Morgan, el lugarteniente del Rayo, avanzaba al frente de cuarenta hombres elegidos entre los más audaces y vigorosos marineros de la nave filibustera.

—¿Dónde está el capitán? —preguntó el lugarteniente con la espada en alto, creyendo tener ante sí españoles.

—¡Encima de aquí; en el torreón, señor! —repuso Carmaux.

—¿Vivo?

—Sí, pero herido.

—¿Gravemente?

—No, señor; pero no puede tenerse en pie.

—Quédense ustedes de guardia en la galería —gritó Morgan volviéndose a sus hombres—. ¡Que bajen a la calle y que continúen el fuego contra las casas! —agregó y seguido de Carmaux y Wan Stiller, subió al piso superior del torreón.

El Corsario Negro, ayudado por Moko y Yara, se había puesto en pie. Viendo entrar a Morgan, le tendió la mano diciéndole:

—Gracias, Morgan; pero no puedo menos que hacerte un reproche: tu sitio no es este.

—Es cierto, capitán —repuso el lugarteniente—. Mi puesto es a bordo del Rayo; pero la empresa reclamaba un hombre resuelto para llevar a los míos a través de una ciudad llena de enemigos. Espero que me perdonarás esta imprudencia.

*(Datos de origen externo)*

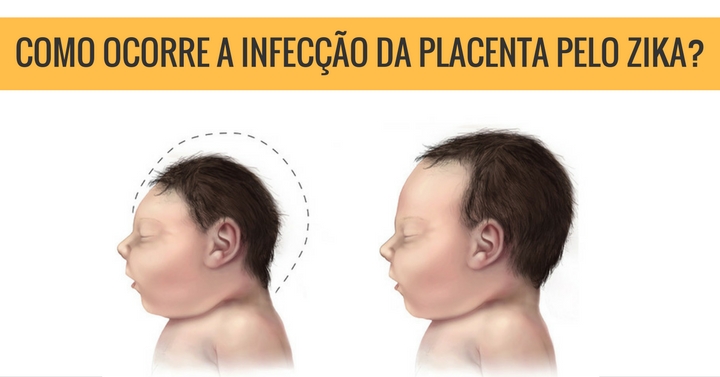 Estudo aponta como ocorre a infecção da placenta pelo zika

—Todo se perdona a los valientes.

—Entonces, partamos pronto, mi capitán. Los españoles pueden haberse dado cuenta de lo escaso de mi banda y caer encima de nosotros por todas partes. ¡Moko, coge ese colchón! Servirá para acostar al capitán.

—Déjame a mí eso —dijo Carmaux—. Moko, que es más fuerte, llevará al capitán.

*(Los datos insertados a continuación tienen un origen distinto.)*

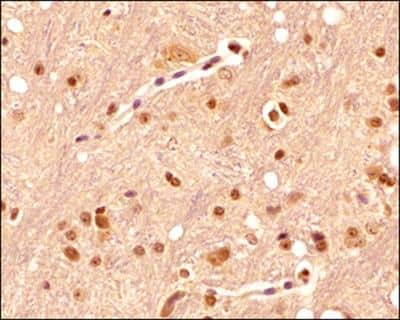 Immunohistochemistry-Paraffin: Serotonin Antibody (YC5/45) - BSA Free [NB100-65037]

El negro había levantado ya con sus nervudos brazos al Corsario, cuando este se acordó de Yara. La joven india, acurrucada en un rincón, lloraba en silencio.

—Muchacha, ¿no nos sigues? —le preguntó.

—¡Ah, señor! —exclamó Yara, poniéndose en pie.

—¿Creías que te había olvidado?

—Sí, señor.

—¡No, valiente joven! Si nada te retiene en Puerto-Limón, me seguirás a mi nave.

—¡Tuya soy, señor! —repuso Yara besándole la mano.

—Ven, pues. ¡Eres de los nuestros!

Dejaron rápidamente el torreón y bajaron al corredor. Los marineros, viendo a su capitán, a quien ya creían muerto o prisionero de los españoles, prorrumpieron en un grito inmenso:

—¡Viva el Corsario Negro!

—¡A bordo, valientes! —gritó el señor de Ventimiglia—. ¡Voy a dar batalla a las dos fragatas!

—¡Pronto! ¡En marcha! —ordenó el lugarteniente.

Cuatro hombres colocaron al Corsario sobre el colchón, y formando en tomo suyo una barrera con sus mosquetes, salieron a la calle, precedidos y seguidos por los demás.